- Your objective:
Starting at the line below that contains "Bird Nest Wind" and ending at the line that contains "Women’s Black Patent", retype each line exactly as it stands, but omit the pictures.

- Extracted material:
★ ★ ★ ★ ★
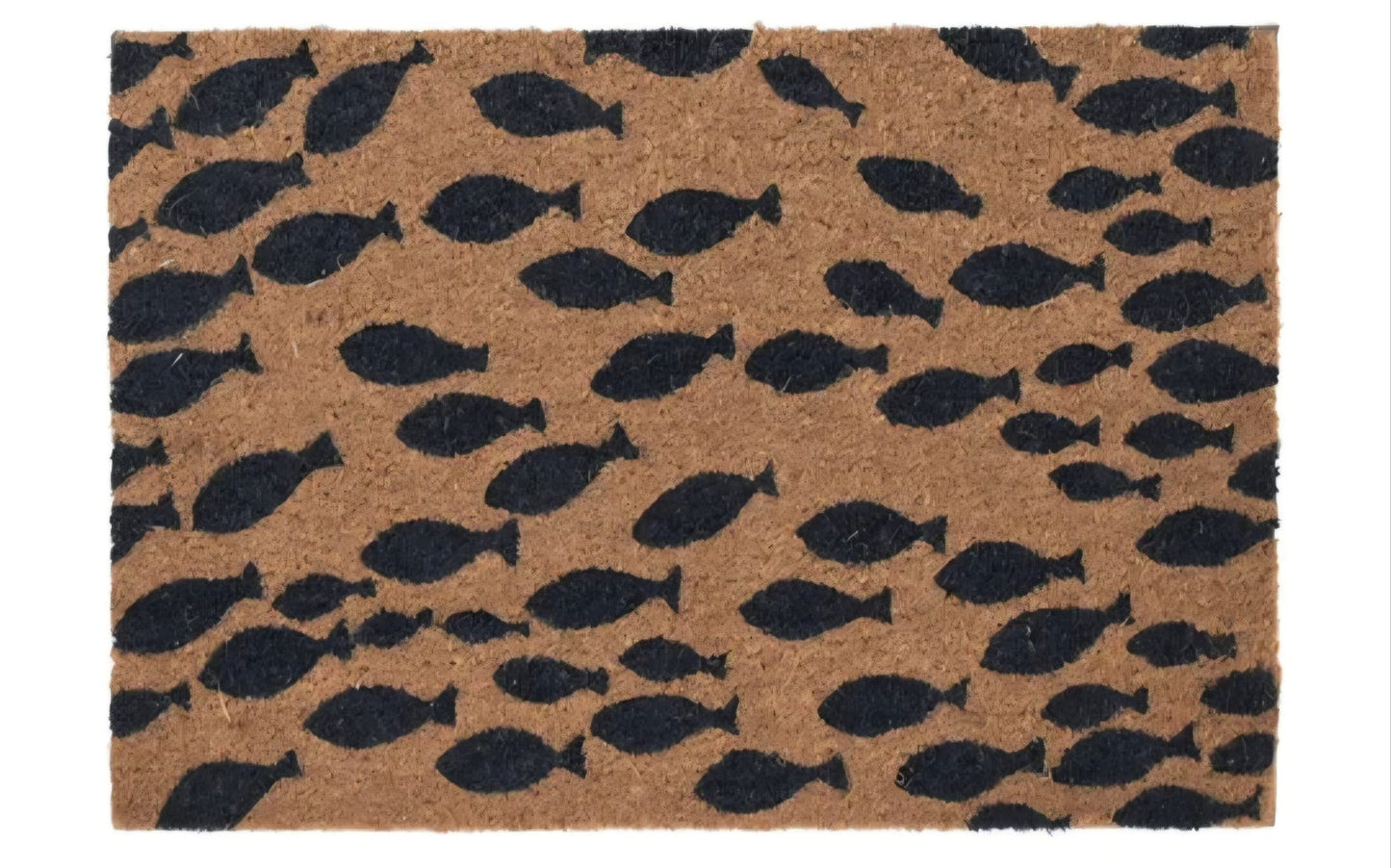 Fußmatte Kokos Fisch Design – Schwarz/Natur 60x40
★ ★ ★ ★ ★
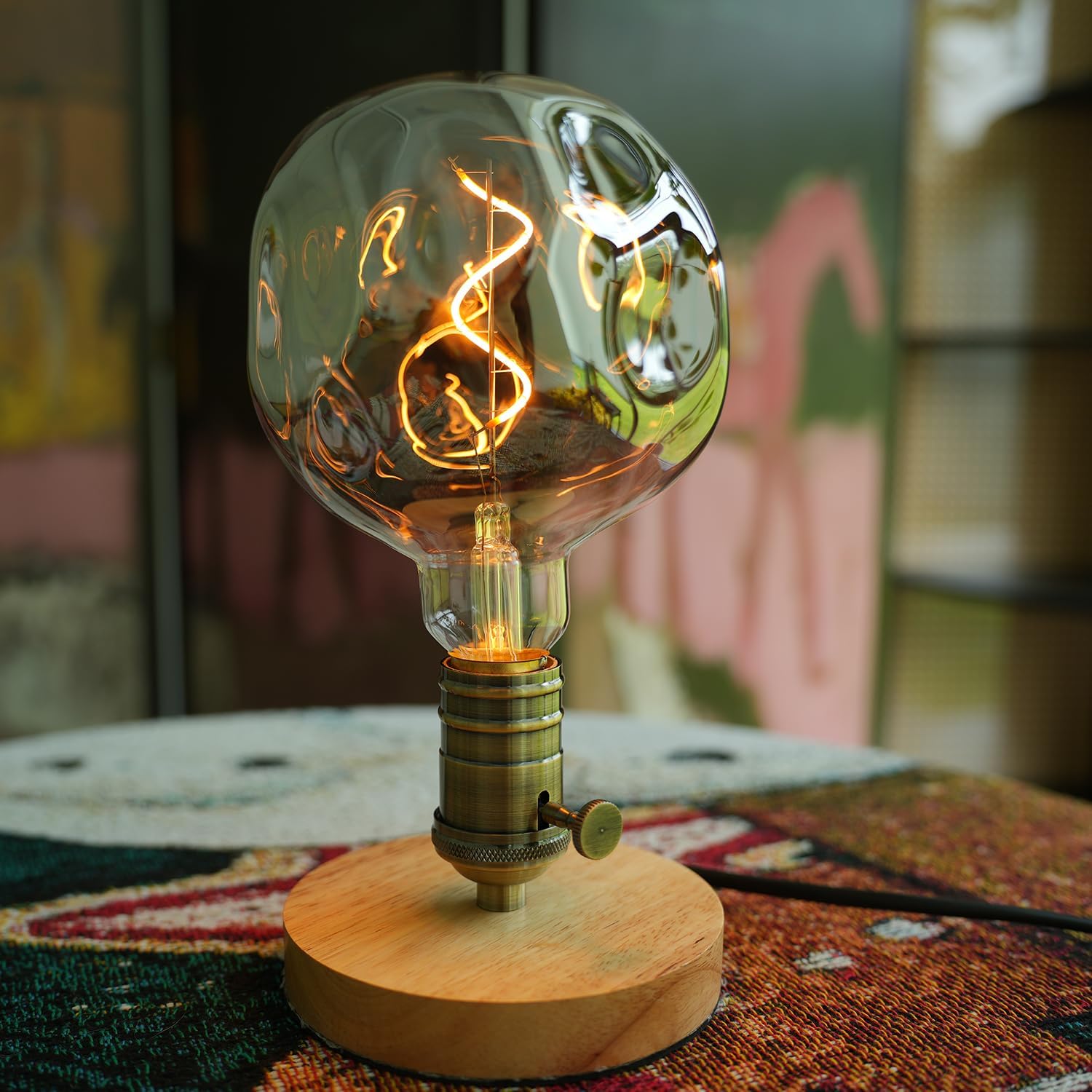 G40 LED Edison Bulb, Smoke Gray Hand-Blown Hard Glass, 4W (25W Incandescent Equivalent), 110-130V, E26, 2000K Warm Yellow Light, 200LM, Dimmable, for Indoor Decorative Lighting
★ ★ ★ ★ ★
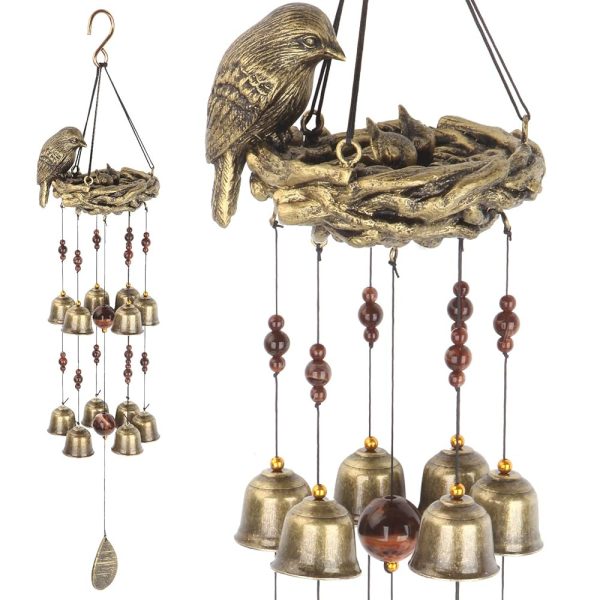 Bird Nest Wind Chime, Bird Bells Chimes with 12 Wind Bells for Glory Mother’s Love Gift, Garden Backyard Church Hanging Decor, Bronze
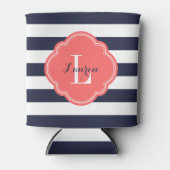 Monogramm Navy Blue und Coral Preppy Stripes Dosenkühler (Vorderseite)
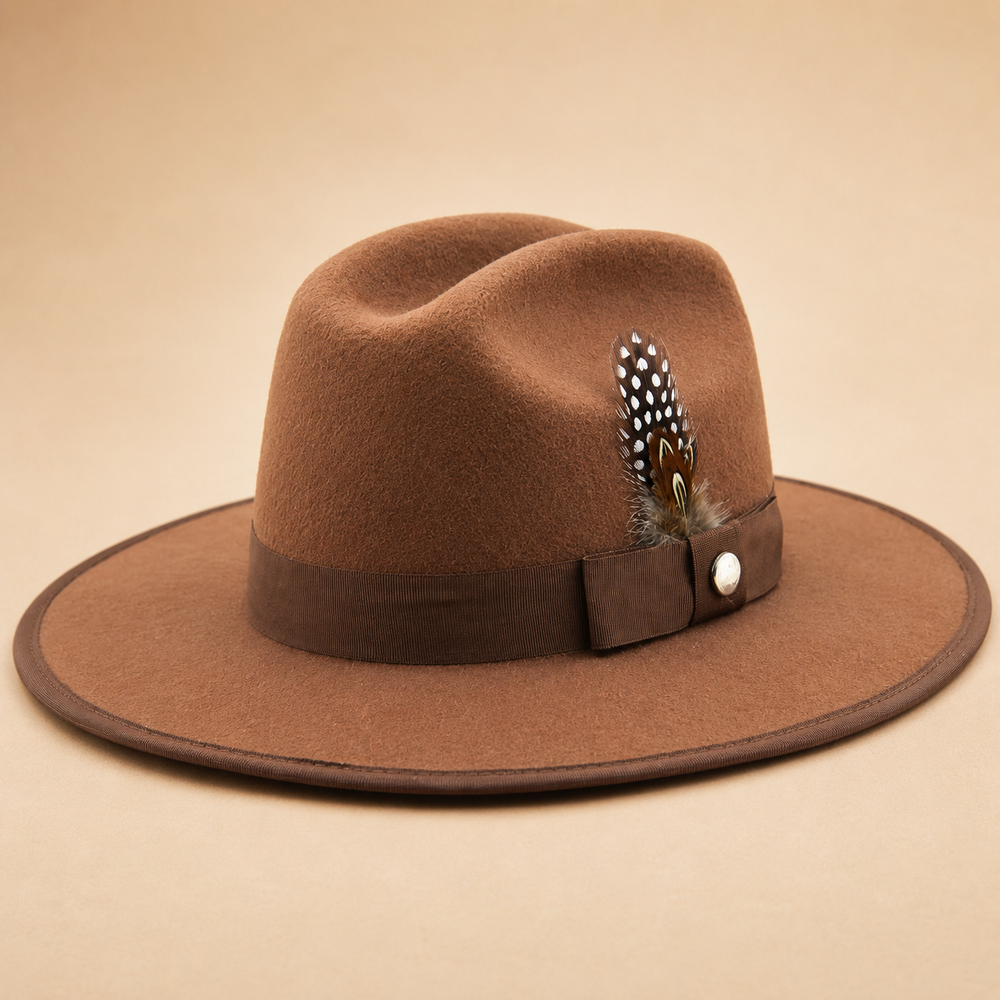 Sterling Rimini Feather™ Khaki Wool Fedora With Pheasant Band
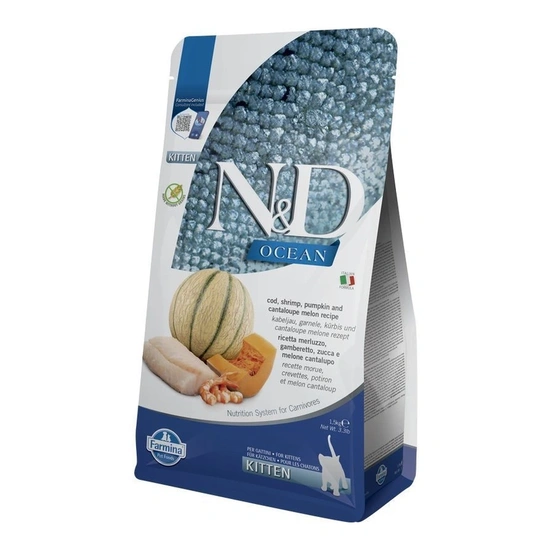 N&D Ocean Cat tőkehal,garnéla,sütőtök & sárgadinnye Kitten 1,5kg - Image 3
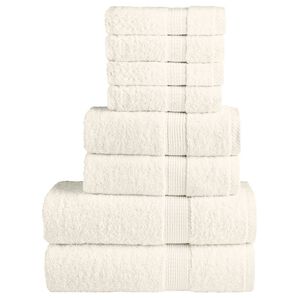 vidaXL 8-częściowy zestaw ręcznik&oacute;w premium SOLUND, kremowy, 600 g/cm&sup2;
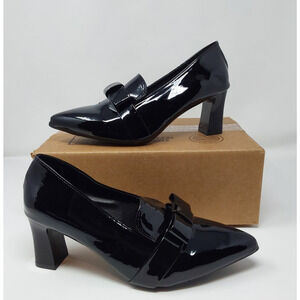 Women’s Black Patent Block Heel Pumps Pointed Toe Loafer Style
★ ★ ★ ★ ★
- Exercise solution:
 Bird Nest Wind Chime, Bird Bells Chimes with 12 Wind Bells for Glory Mother’s Love Gift, Garden Backyard Church Hanging Decor, Bronze
 Monogramm Navy Blue und Coral Preppy Stripes Dosenkühler (Vorderseite)
 Sterling Rimini Feather™ Khaki Wool Fedora With Pheasant Band
 N&D Ocean Cat tőkehal,garnéla,sütőtök & sárgadinnye Kitten 1,5kg - Image 3
 vidaXL 8-częściowy zestaw ręcznik&oacute;w premium SOLUND, kremowy, 600 g/cm&sup2;
 Women’s Black Patent Block Heel Pumps Pointed Toe Loafer Style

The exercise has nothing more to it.